Schon bald muss Miller sein Körpergewicht einsetzen. Denn an der Zwei-Meilen-Marke fliegt der Schwindel auf. Rennleiter Jock Semple, ein strenger und regeltreuer Schotte, entdeckt die Frau im Männerfeld und rastet aus. „Er sprang vom Begleit-Bus, rannte auf mich zu, schimpfte und wollte mir die Startnummer entreißen“, erinnert sich Switzer. Miller checkt den Rennleiter jedoch in bester Football-Manier zur Seite.

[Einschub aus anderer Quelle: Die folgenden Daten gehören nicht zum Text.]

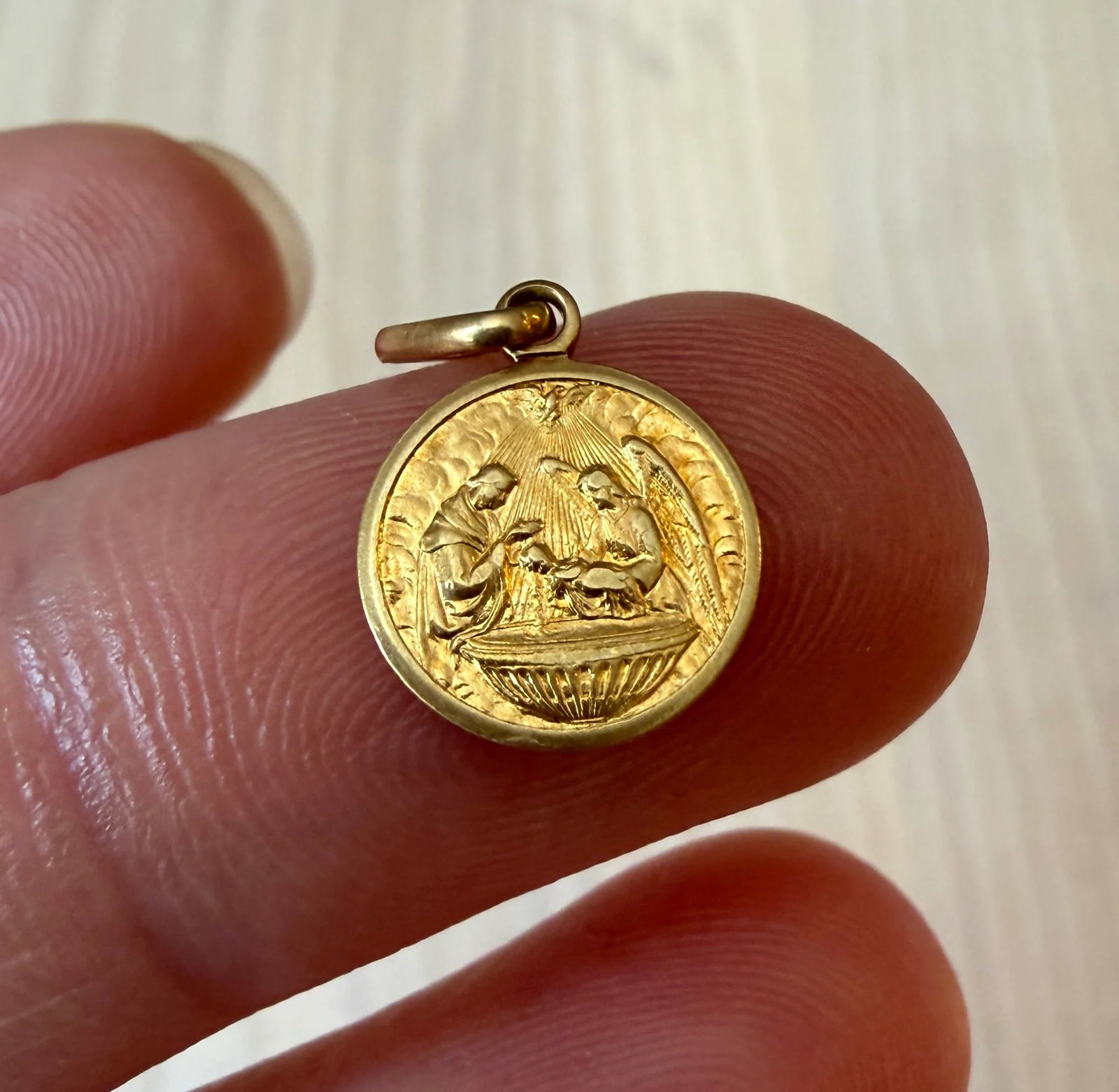 Mini Detailed 18K Gold Baptism Medal: Metal: 18K Yellow GoldWeight: 1.2 gramsMeasurements: 0.4" wideMarkings: "1 AR 750" "Ricordo del Battesimo"Condition: In very good vintage condition with some minor surface wear consistent with age.
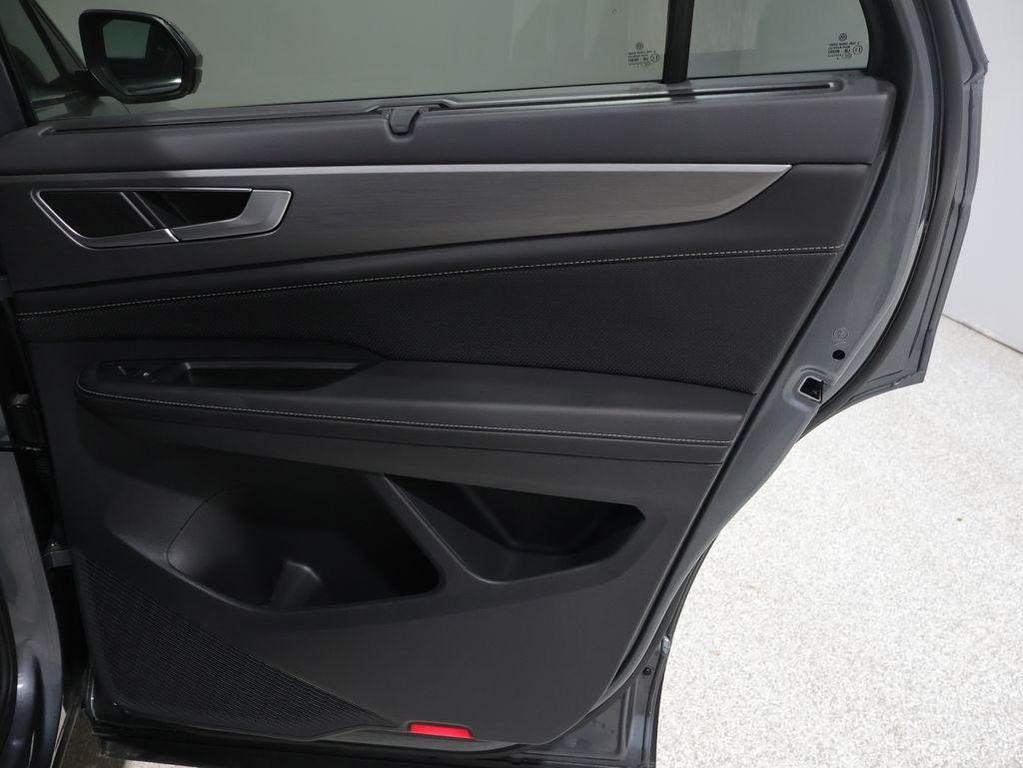used 2025 Volkswagen Atlas Cross Sport car, priced at $30,399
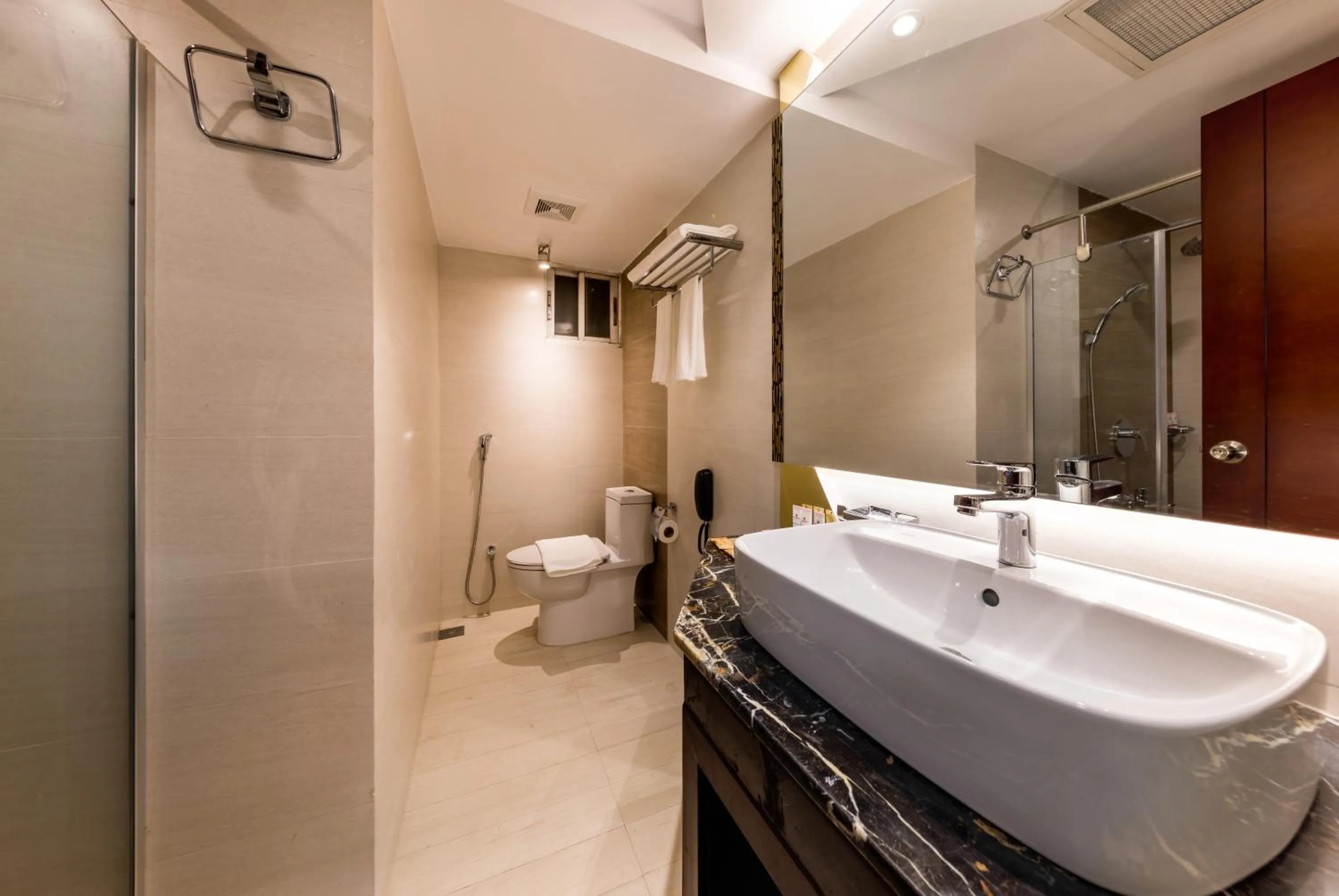 Bathroom in Grand Palace Hotel & Resort Dhaka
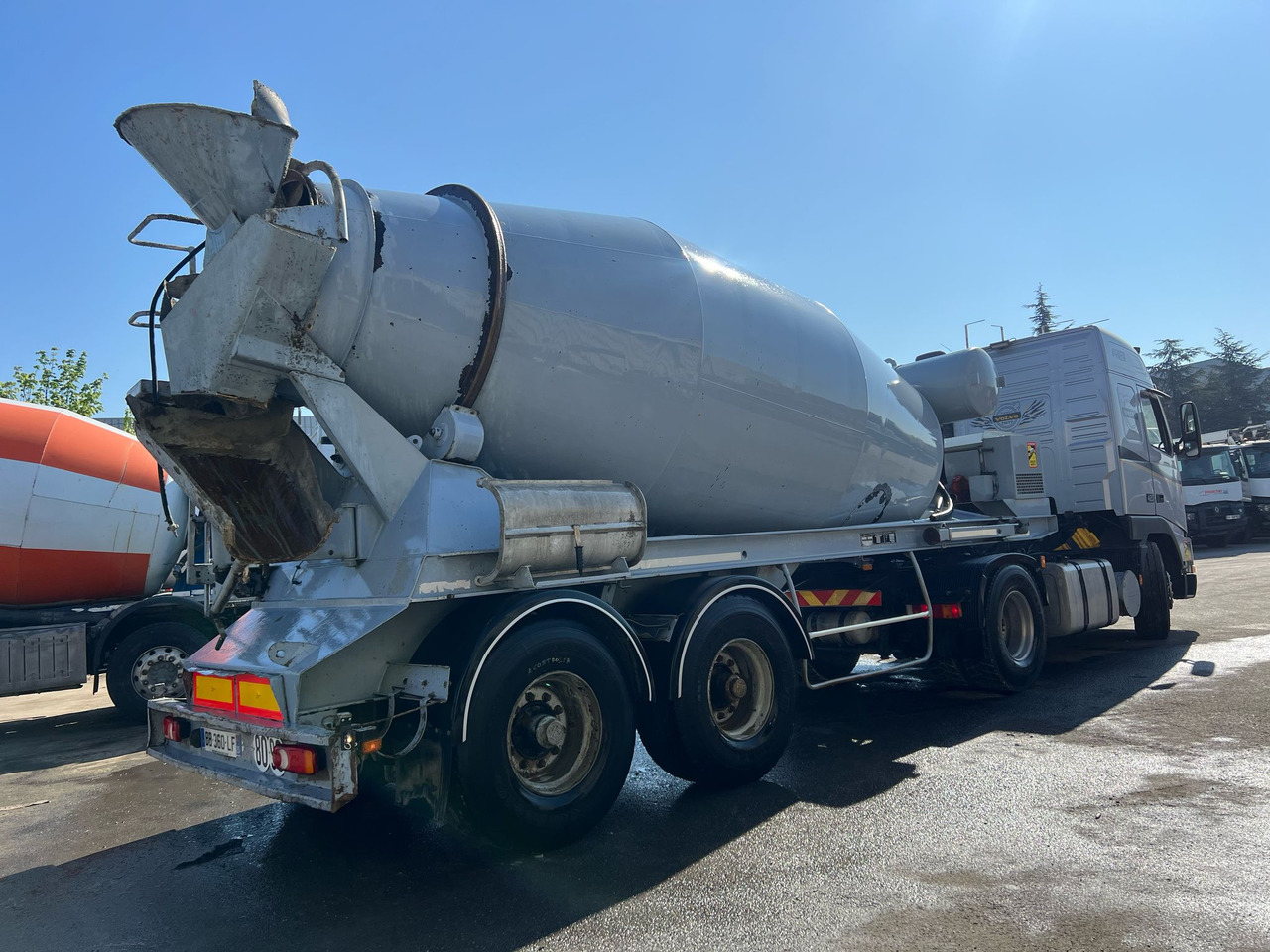Semi malaxeur Liebherr BB-360-LF - Concrete mixer semi-trailer: picture 3 Semi malaxeur Liebherr BB-360-LF - Concrete mixer semi-trailer: picture 3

Nicht nur er ist Switzers Glück. Die Fotografen auf dem vorbeifahrenden Presse-Bus halten die Szene fest, die sofort um die Welt geht. Trotz der abgewehrten Attacke ist Switzer verunsichert, denkt ans aufhören. „Aber dann habe ich mir gesagt, wenn ich aufgebe, heißt es, Frauen können einfach keinen Marathon laufen. Deshalb musste ich weiterlaufen.“ Nach 4:20 Stunden läuft sie über die Ziellinie. Viele Zuschauer applaudieren begeistert, andere sind empört.
Gespaltene Reaktionen
Auch die Reaktion in der Presse ist gespalten. Die Hälfte der Journalisten sieht die Männerdomäne Marathon bedroht, die andere schreibt voller Bewunderung über die Frau, die als erste mit einer offiziellen Startnummer einen Marathon gelaufen ist. Bereits ein Jahr zuvor übersteht Roberta Gibb die 42,195 Kilometer in Boston und ist sogar fast eine Stunde schneller als Switzer. Gibb läuft jedoch ohne Anmeldung und Nummer, versteckt sich bis zum Start im Gebüsch.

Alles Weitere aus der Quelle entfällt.